ADHD in children and adolescents is the area of EEG neurofeedback with really strong research to support the enthusiastic claims of clinicians. In my opinion, the best review article was published by Vincent Monastra PhD in the January 2005 edition of Child & Adolescent Clinics of North America (volume 14:1, pp. 55-82).
Monastra’s own research includes one of the best clinical studies done so far. To summarize–which is hardly fair to either the reader’s curiosity or Dr. Monastra’s intricate design–multiple measures demonstrated that neurofeedback was approximately as effective at treating ADHD symptoms and signs as medication, did not have adverse effects, and sustained after treatment over the long-term follow-up which stimulant medication did not.

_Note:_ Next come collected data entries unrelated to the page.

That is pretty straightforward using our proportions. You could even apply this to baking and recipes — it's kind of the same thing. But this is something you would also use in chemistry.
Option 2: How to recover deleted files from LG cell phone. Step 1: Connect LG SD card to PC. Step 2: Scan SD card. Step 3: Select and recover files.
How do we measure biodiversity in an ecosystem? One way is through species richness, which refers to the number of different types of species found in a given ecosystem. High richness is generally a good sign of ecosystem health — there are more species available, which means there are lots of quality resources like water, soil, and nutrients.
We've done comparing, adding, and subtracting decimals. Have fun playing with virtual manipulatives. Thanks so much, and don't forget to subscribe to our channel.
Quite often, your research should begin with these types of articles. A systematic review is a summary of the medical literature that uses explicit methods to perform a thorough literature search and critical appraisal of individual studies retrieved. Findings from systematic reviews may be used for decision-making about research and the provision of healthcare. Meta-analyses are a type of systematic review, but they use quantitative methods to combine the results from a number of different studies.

Monastra’s study was carefully reviewed by David Rabiner PhD in November 2007. He offers a thoughtful critique of the limitations of the study but concludes, “These results provide compelling evidence that incorporating neurofeedback into a comprehensive treatment approach for ADHD can yield important benefits.”

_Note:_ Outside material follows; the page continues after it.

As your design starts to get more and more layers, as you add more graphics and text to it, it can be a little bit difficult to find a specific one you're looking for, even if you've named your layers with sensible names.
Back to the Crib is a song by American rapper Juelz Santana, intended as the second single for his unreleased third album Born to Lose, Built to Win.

Dr. Rabiner’s report is available from http://www.helpforadd.com/
Good studies have continued to be published over the years. I think the one that convinced specialists in ADHD who had been skeptical was a European study by Gevenslaben and colleagues. They studied 102 children ages 8-12 and used a randomized control group model. Parent and teacher ratings of core ADHD symptoms of inattentive and hyperactive-impulsive symptoms, and parents’ ratings of oppositional and aggressive behavior measures all improved with statistical significance.

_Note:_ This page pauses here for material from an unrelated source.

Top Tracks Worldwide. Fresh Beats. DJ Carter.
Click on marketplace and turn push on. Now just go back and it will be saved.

Additional comment: It is a matter of considerable concern and frustration to my colleagues and myself that neurofeedback is not an industry and does not have the resources to support either sophisticated coordinated research or major marketing budgets to grab and hold the attention of practicing and academic physicians. For instance, every week I personally receive at least one or two, often more, publications presented in the format of medical journals or supplements to recognizable publications devoted to some aspect of ADHD. These are all “educational material” clearly targeted toward increased use of medications. Yes, they are helpful in raising physician awareness of ADHD and its co-morbidities, but I have never seen an informed comment about neurofeedback and ADHD (very rarely, there will be a highly qualified tag in a section on “other psychological approaches” in which EEG neurofeedback gets a passing mention). I stopped writing letters to the editorial staff about this a couple of years ago.
A particularly annoying example arrived in February 2008. Title, Optimizing Patient Outcomes in Adult ADHD: Current and Emerging Therapies. It contained two articles in a large-format 4-page supplement to Psychiatric TImes, called Advances in Psychiatric Medicine. At the bottom of the front page was, “Supported in part by an unrestricted educational grant from Shire Pharmaceuticals, Inc.” Included in the Disclosures statement was the following: “The editors of this educational activity have no financial relationship with the firm providing support in part by an unrestricted educational grant.” I have nothing against Shire Pharmaceuticals; I write prescriptions for their Adderall XR and Vyvanse because they help my patients. But I recommend neurofeedback much more frequently because it too is helpful to my patients. Often remarkably so. Why isn’t EEG or brainwave neurofeedback considered by this and so many other publications to be “current and emerging”? Question asked and answered!